He said the government must improve education, health care, aid to farmers, supplies of water and electricity and basic employment opportunities. Further, he said, the civil and military authorities must agree on “the fundamental approaches to peace, such as land reform, protection of human rights, preservation of public safety, integrity of electoral processes and regional autonomy.”

Only after the government has become an effective force in the rural provinces where three-fourths of the people live, he said, can there be successful negotiations with the rebels.

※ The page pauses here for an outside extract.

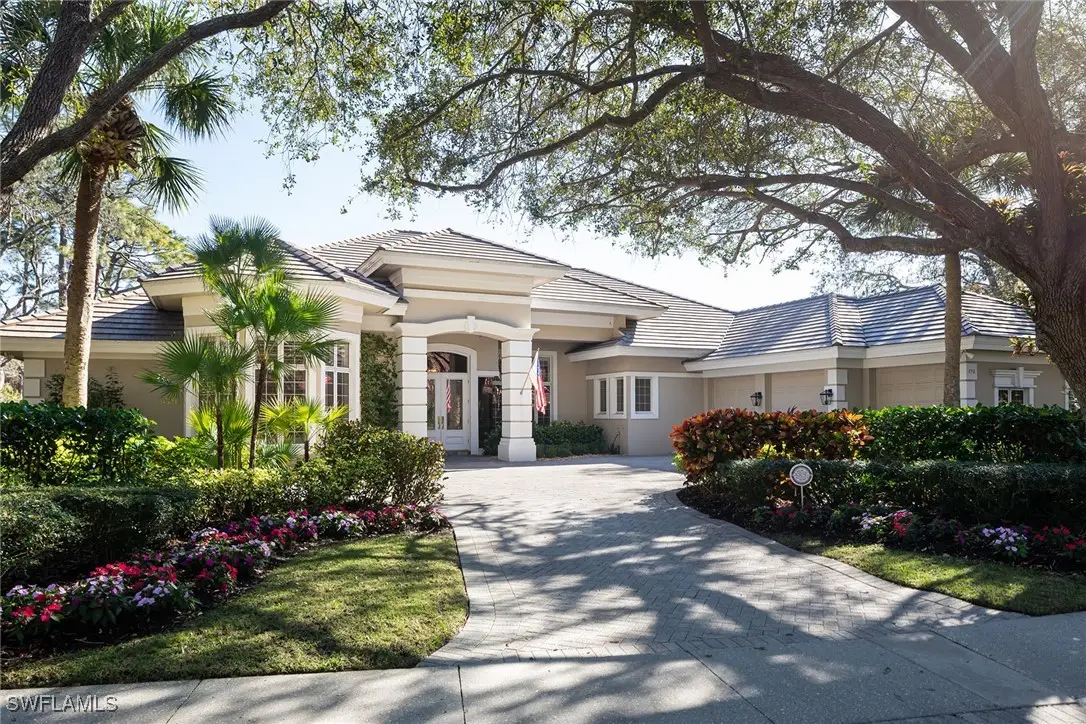 896 Barcarmil Way, Naples, FL 34110 - Image #1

Representatives of Aquino held negotiations with rebel leaders last year, and they produced a 60-day truce that ended with violence last February. Many analysts now say that the cease-fire favored the rebels because the government failed to exploit the temporary peace by starting development projects that would earn it support in rebel-controlled regions.

1,800 Killed This Year

Bengzon was clearly critical of the government’s performance in the 18 months since Aquino took office. More than 1,800 soldiers, rebels and noncombatants have been killed in the insurgency this year, and Bengzon declared, “Our reconstruction is becoming more expensive than our revolution”--a reference to the uprising that brought down the government of President Ferdinand E. Marcos.

“For too long,” Bengzon said, “we have hoped for peace, cried for peace, prayed for peace. Now that we have freedom, let us consciously, actively and systematically build peace in our troubled communities.”